Les Aventures de Tintin
"Tintin et Milou", historiquement je suis tout à fait d’accord pour dire que cette série est CULTE et que Hergé est un véritable pionnier qui a grandement participé à donner ses lettres de noblesse à la BD. Bien que je trouve certaines scènes pro colonialistes et limites racistes avec l’Afrique et la Chine (Surtout dans les premiers albums, c’est peut être l’époque qui voulait ça :?)), on ne peut pas dire le contraire, Hergé est un formidable conteur. J’ai toujours beaucoup aimé la chasse au trésor que forme Le secret de la Licorne et Le trésor de Rackham le rouge, et l’odyssée spatiale avec Objectif Lune et On a marché sur la Lune. Mais il y a aussi de sacrés navets (selon moi bien sûr) comme : L’île mystérieuse où je n’ai pas accroché, Les bijoux de la Castafiore trop ennuyeux, Vol 714 pour Sydney qui commence très bien mais qui finit en quenouilles, et je ne parle pas de Tintin au pays des Soviets.
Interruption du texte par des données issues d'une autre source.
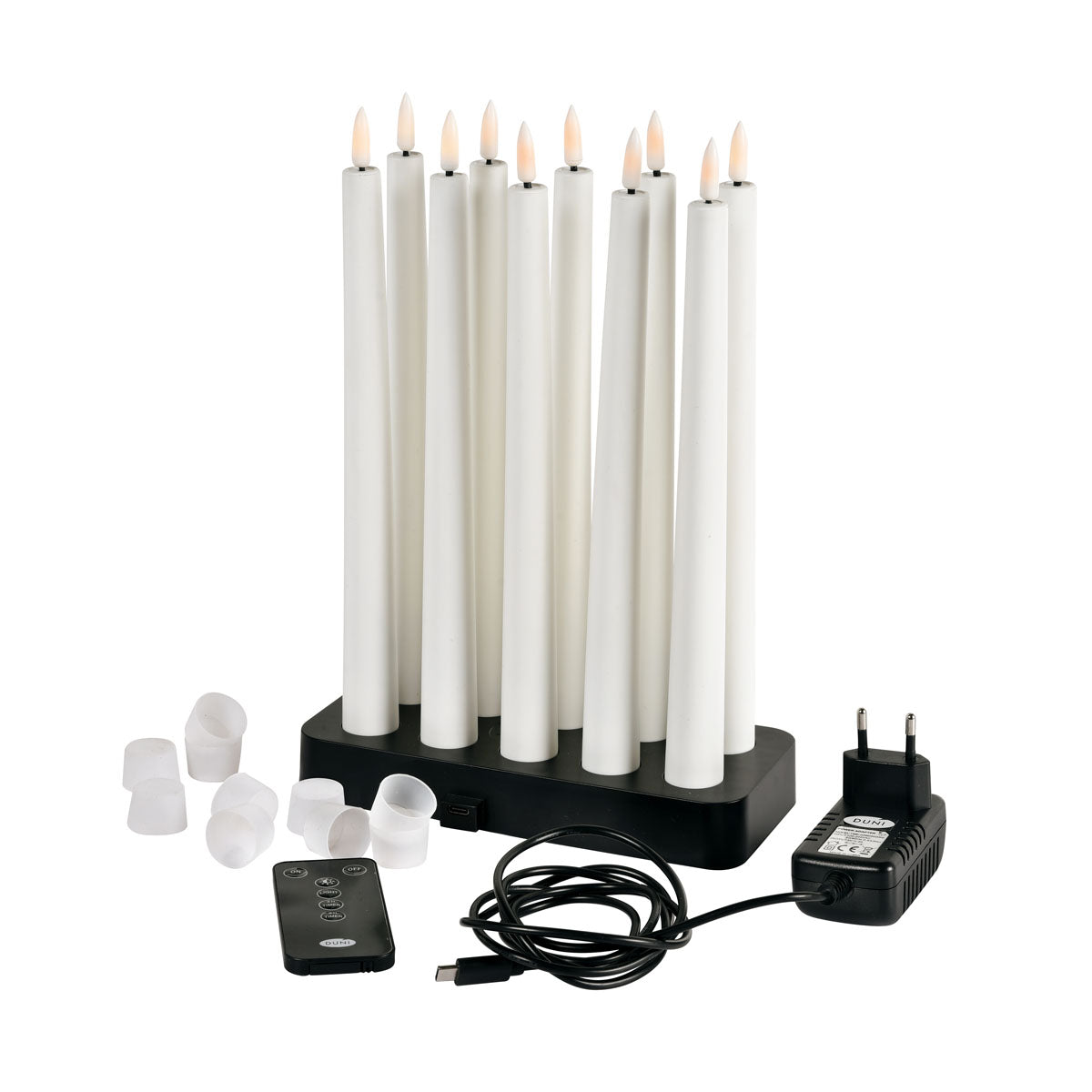 Das Duni GmbH LED Spitzkerzen 27,8cm, 10er, warmweiss Set kommt in einer Box mit schwarzer Ladestation, Netzteil, USB-Kabel, Fernbedienung und weißen Kerzenkappen - alles fein säuberlich auf einer weißen Fläche angeordnet.
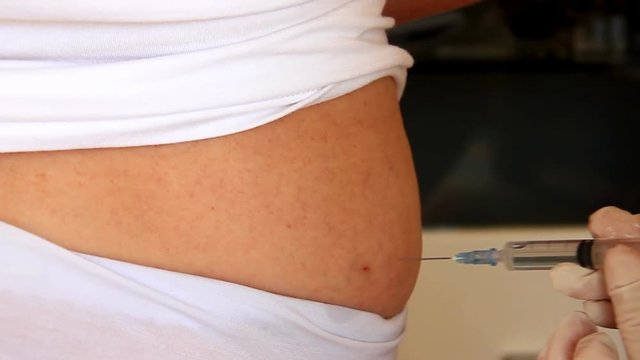 Doctor injects the injection with medicine into gluteus muscle of patient
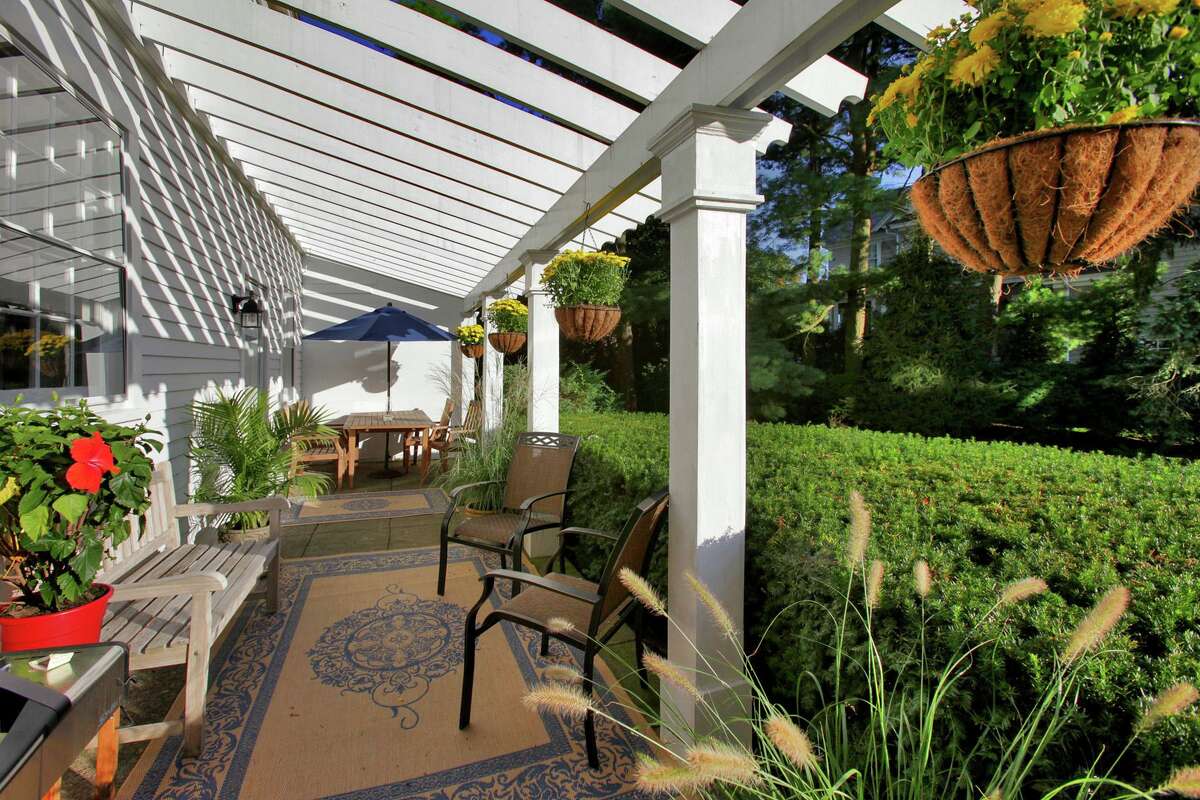 This property features a veranda with a pergola. Inside, the house features 11 rooms and 3,969 square feet of living space.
Je trouve le personnage de Tintin trop parfait, trop lisse, d’ailleurs heureusement que ce pochetron blasphémateur de capitaine Haddock est là pour rééquilibrer, sinon quel ennui. Les dessins et les couleurs sont simples et très plats, mais le style est clair et très efficace. Les paquebots et les avions de lignes sont vraiment très chouettes.